-- Information --
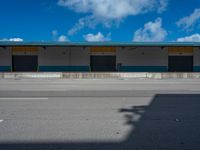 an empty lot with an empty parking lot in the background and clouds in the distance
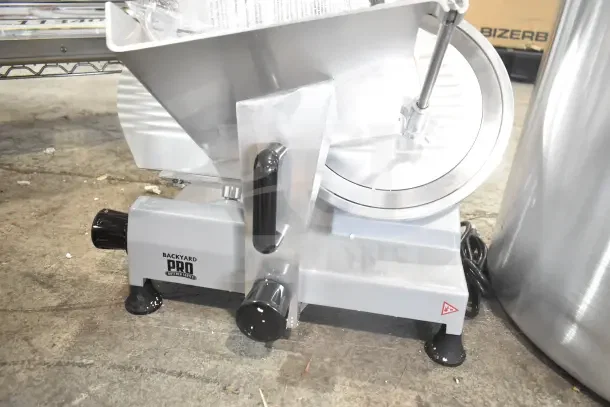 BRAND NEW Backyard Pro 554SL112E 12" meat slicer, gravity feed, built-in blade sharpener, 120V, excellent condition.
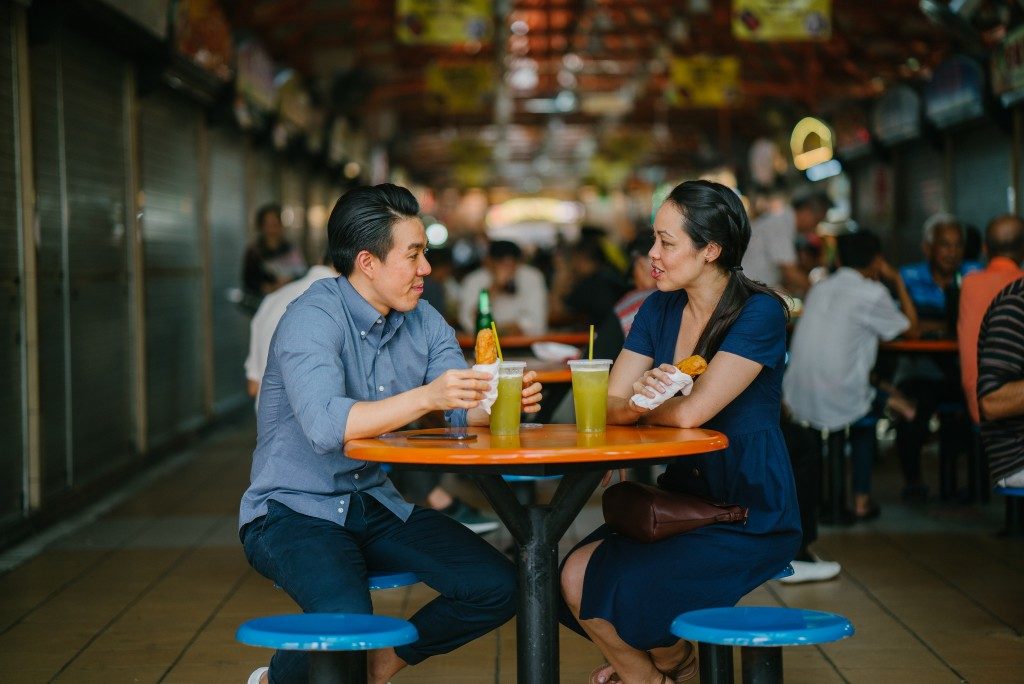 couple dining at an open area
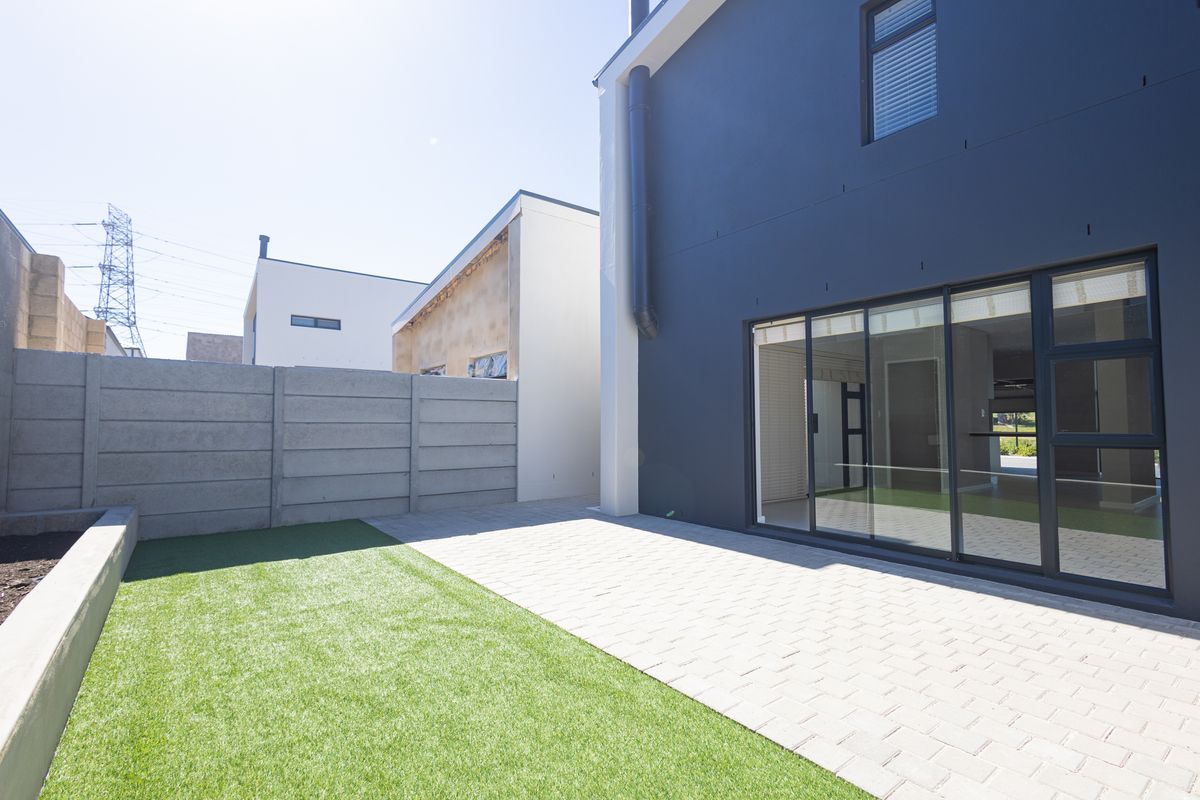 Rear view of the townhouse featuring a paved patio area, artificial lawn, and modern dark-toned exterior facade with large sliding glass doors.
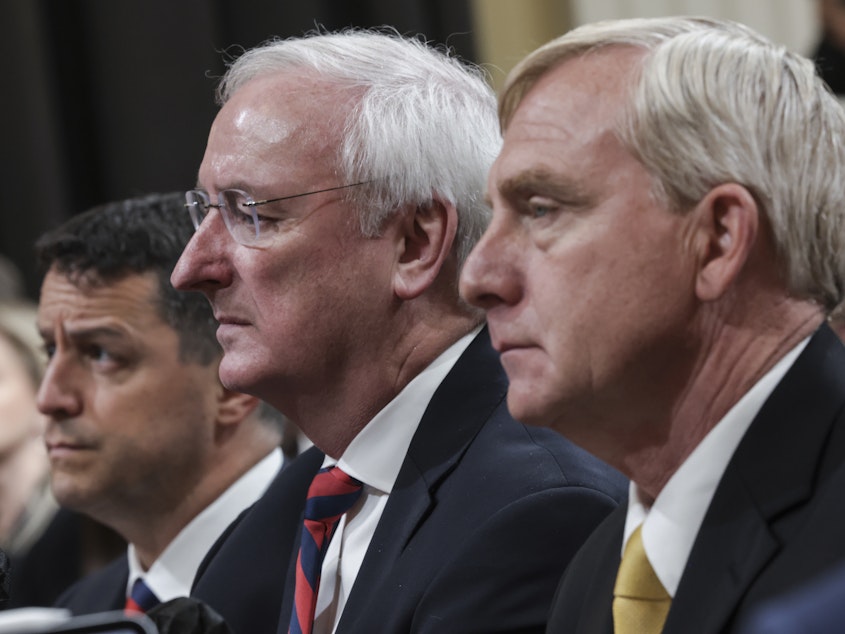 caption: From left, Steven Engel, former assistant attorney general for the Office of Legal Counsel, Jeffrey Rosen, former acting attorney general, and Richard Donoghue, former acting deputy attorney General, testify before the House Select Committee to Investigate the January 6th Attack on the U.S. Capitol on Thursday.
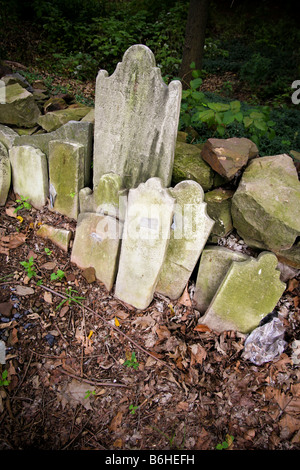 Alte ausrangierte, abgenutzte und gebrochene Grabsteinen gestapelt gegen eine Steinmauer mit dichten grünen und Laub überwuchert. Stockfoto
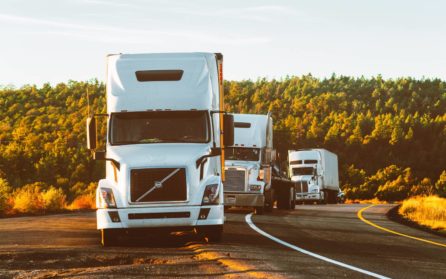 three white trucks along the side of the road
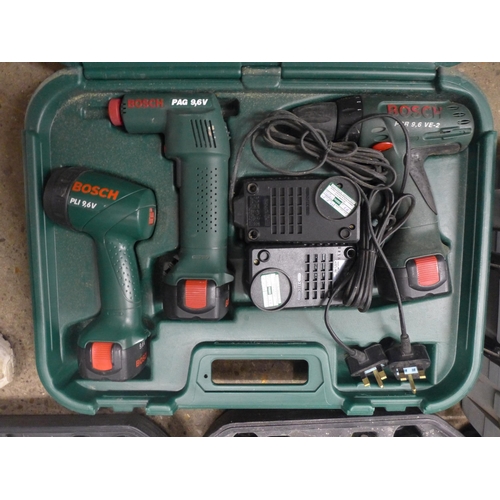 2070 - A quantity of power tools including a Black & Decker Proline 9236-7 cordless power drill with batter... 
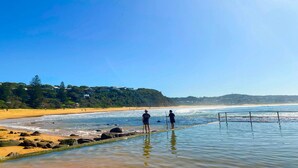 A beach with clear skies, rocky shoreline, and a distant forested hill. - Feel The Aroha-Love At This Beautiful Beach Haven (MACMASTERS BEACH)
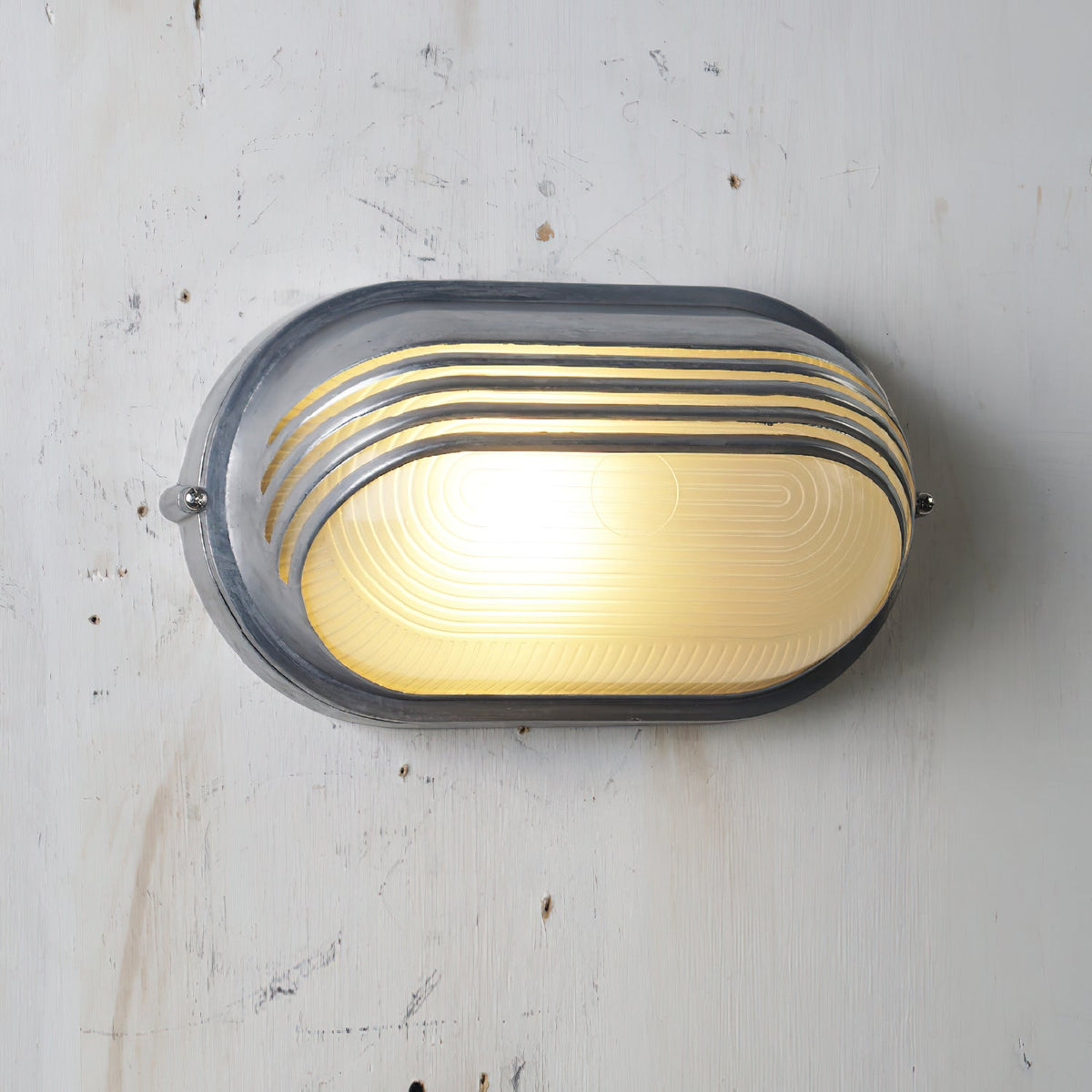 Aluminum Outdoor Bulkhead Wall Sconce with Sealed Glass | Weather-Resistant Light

-- Instructions to follow --
Every record should come back exactly as it is, though none of the pictures should.

-- Expected answer --
 an empty lot with an empty parking lot in the background and clouds in the distance
 BRAND NEW Backyard Pro 554SL112E 12" meat slicer, gravity feed, built-in blade sharpener, 120V, excellent condition.
 couple dining at an open area
 Rear view of the townhouse featuring a paved patio area, artificial lawn, and modern dark-toned exterior facade with large sliding glass doors.
 caption: From left, Steven Engel, former assistant attorney general for the Office of Legal Counsel, Jeffrey Rosen, former acting attorney general, and Richard Donoghue, former acting deputy attorney General, testify before the House Select Committee to Investigate the January 6th Attack on the U.S. Capitol on Thursday.
 Alte ausrangierte, abgenutzte und gebrochene Grabsteinen gestapelt gegen eine Steinmauer mit dichten grünen und Laub überwuchert. Stockfoto
 three white trucks along the side of the road
 2070 - A quantity of power tools including a Black & Decker Proline 9236-7 cordless power drill with batter... 
 A beach with clear skies, rocky shoreline, and a distant forested hill. - Feel The Aroha-Love At This Beautiful Beach Haven (MACMASTERS BEACH)
 Aluminum Outdoor Bulkhead Wall Sconce with Sealed Glass | Weather-Resistant Light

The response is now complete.